Some say the world will end in fire, and some say the world will end with a serial killer on ice

*Jason X
*Starring Kane Hodder, Lexa Doig and Lisa Ryder
*Written by Todd Farmer
*Directed by Jim Isaac
*New Line Cinema
*R
*Opens April 26

By Patrick Lee

I n the near future, the government has captured hockey-masked serial killer Jason Voorhees (Hodder) and holds him at the Crystal Lake Research Facility, where he will be cryogenically frozen for eternity. At least that's what project director Rowan (Doig) hopes. But Dr. Wimmer (David Cronenberg) wants to study Jason's unique regenerative abilities for possible military applications.

Our Pick: C+

Their debate becomes moot when Jason frees himself and massacres Wimmer and his military team. Rowan lures Jason into the cryo-chamber. She initiates the freezing process—but not before being mortally wounded and ending up frozen herself.

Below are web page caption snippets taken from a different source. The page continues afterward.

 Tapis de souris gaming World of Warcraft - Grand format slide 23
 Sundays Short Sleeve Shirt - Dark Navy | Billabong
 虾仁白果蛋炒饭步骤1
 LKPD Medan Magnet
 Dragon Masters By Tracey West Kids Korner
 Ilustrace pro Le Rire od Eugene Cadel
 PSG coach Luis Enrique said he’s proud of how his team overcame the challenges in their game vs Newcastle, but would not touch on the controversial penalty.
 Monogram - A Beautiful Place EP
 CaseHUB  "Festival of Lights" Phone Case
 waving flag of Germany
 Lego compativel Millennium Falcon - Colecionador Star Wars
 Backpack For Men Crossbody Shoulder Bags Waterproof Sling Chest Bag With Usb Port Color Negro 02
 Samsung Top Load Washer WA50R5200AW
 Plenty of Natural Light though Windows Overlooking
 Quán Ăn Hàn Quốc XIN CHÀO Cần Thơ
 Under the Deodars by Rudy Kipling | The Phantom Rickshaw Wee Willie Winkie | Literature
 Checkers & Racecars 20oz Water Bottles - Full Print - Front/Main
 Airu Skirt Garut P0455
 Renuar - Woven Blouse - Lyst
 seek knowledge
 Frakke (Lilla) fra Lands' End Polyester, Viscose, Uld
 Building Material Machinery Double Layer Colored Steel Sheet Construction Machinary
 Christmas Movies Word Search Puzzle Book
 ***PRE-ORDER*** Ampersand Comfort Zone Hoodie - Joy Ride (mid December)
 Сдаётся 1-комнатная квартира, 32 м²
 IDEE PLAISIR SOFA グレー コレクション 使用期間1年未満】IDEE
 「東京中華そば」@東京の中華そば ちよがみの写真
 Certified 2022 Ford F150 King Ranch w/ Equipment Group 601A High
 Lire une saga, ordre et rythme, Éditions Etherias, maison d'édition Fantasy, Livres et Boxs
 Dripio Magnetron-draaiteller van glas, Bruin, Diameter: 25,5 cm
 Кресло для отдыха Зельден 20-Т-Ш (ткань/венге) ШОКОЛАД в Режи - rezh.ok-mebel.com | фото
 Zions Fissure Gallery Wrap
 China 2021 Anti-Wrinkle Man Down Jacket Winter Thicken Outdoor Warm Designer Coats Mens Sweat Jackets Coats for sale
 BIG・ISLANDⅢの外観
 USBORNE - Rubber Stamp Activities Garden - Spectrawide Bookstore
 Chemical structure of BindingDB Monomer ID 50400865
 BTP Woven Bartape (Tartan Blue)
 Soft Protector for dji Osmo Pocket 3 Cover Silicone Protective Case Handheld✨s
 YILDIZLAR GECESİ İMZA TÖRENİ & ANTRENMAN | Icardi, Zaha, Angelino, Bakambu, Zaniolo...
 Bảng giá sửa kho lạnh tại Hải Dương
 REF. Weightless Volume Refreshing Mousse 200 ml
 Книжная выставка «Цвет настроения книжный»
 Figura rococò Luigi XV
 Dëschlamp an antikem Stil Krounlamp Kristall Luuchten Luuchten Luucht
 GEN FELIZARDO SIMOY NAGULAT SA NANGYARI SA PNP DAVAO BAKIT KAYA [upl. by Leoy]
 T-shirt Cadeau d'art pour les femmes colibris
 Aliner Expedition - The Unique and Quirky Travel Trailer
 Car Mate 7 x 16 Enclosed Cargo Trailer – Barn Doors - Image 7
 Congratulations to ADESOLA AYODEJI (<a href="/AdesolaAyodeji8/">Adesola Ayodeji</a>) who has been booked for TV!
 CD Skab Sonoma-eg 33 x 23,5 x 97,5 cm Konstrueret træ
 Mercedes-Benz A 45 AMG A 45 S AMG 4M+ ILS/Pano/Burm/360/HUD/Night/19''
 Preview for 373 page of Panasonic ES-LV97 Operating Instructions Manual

Flash forward to the year 2455. A team of young archaeology students, led by Prof. Lowe (Jonathan Potts) and the tech android Kay-Em 14 (Ryder), has traveled to old Earth to explore for artifacts. Earth is a dead planet, ravaged by environmental disaster, and only ruins remain. The students are amazed to discover the still-intact cryo-chamber, with Rowan and the hulking mystery man still in the deep freeze.

Returning to their orbiting ship, the Grendel, the team revives Rowan. Jason lies on a slab, where he's examined by the comely blonde student, Adrienne (Kristi Angus), who is unaware that Jason is twitching.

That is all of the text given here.